Toby tuvo una imagen; no, un gusto. Podía saborear el brazo de Zeb, la sal...
—Jaque mate —dijo Zeb—. Las hormigas vuelven a ganar. —Zeb siempre jugaba con las hormigas para dar a Toby la ventaja de la apertura.
—Oh —dijo Toby—. No lo había visto.
En ese momento se estaba preguntando —una idea inútil— si había algo entre Nuala y Zeb. Nuala, aunque ampulosa, era lozana y extrañamente aniñada. A algunos hombres eso les resultaba seductor.
Zeb barrió las piezas del tablero y empezó a colocarlas otra vez.
—¿Me haces un favor? —dijo.
No esperó un sí. Contó que Lucerne estaba teniendo muchos dolores de cabeza. Su voz era neutra, pero con cierto tonillo, por lo cual Toby entendió que los dolores de cabeza tal vez no fueran reales; o bien eran reales pero a Zeb le resultaban igualmente aburridos.
¿Toby podía pasarse con algunos de sus frascos la siguiente vez que Lucerne tuviera migraña y ver qué podía solucionar? Porque él mismo estaba más que convencido de que no podía hacer nada por las hormonas de Lucerne si era de eso de lo que se trataba.
—Me está dando mucho la lata —dijo—. Por estar demasiado tiempo fuera. Se pone celosa. —Sonrió como un tiburón—. Quizá contigo atienda a razones.
Bueno. La rosa se ha marchitado, pensó Toby. Y a la rosa no le gusta.
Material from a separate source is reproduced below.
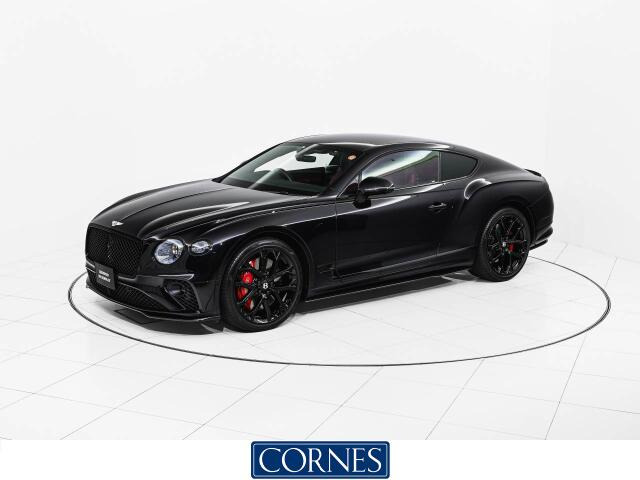 ベントレー コンチネンタルGT 
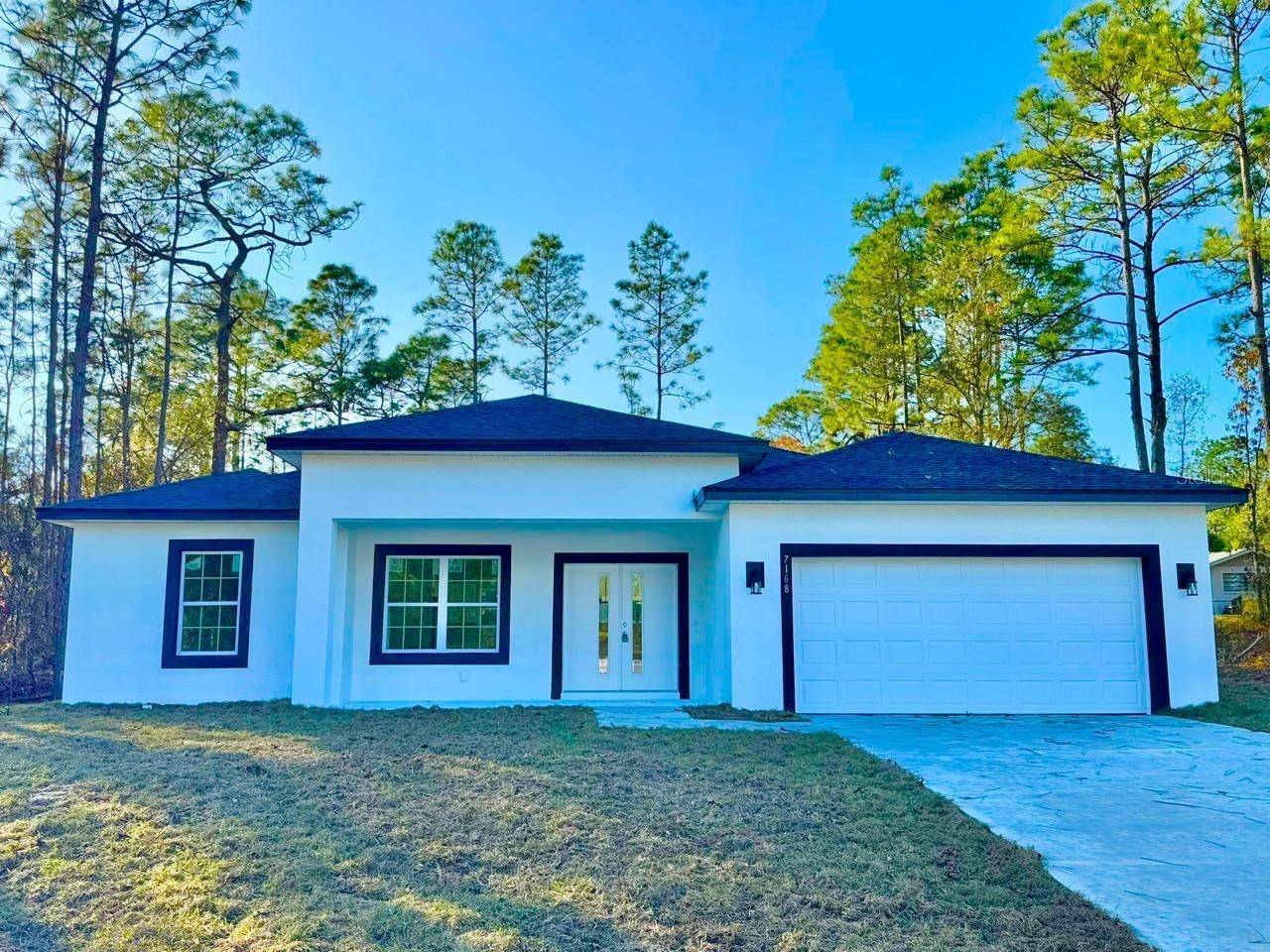 7168 N DEBORAH TER, Citrus Springs, FL 34434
San Allan Sparrow del Aire Puro: hasta el momento el día no había hecho honor a su nombre. Toby se abrió camino por entre las calles repletas de las plebillas, con su bolsa de hierbas secas y botellas de medicamentos ocultos bajo su mono de trabajo. Pese a que la tormenta de la tarde había limpiado un poco el aire de humos y partículas, ella llevaba un cono negro en la nariz en honor de san Sparrow. Como era costumbre.
Se sentía más segura en la calle desde que habían puesto a Blanco en Painball; aun así, nunca paseaba ni se entretenía, aunque —recordando las instrucciones de Zeb— tampoco corría. Era mejor mostrarse decidida, como si estuviera en una misión. No hacía caso de las miradas de los viandantes ni de las difamaciones anti-Jardineras, pero permanecía atenta a cualquier movimiento repentino o cuando alguien se acercaba demasiado. Una banda de plebiquillos le había robado los hongos en cierta ocasión; por fortuna para ellos, no llevaba nada letal en ese momento.
Se dirigía al edificio de para cumplir con la solicitud de Zeb. Era la tercera vez que iba. Si los dolores de cabeza de Lucerne eran reales y no sólo una llamada de atención, un analgésico somnífero sin receta de HelthWyzer le habría solucionado el problema, o bien curándola o bien matándola. Sin embargo, las pastillas de las corporaciones eran tabú entre los Jardineros, así que había estado dándole extracto de sauce, seguido de valeriana, con un poco de adormidera añadida; aunque no demasiada adormidera, porque tenía efectos adictivos.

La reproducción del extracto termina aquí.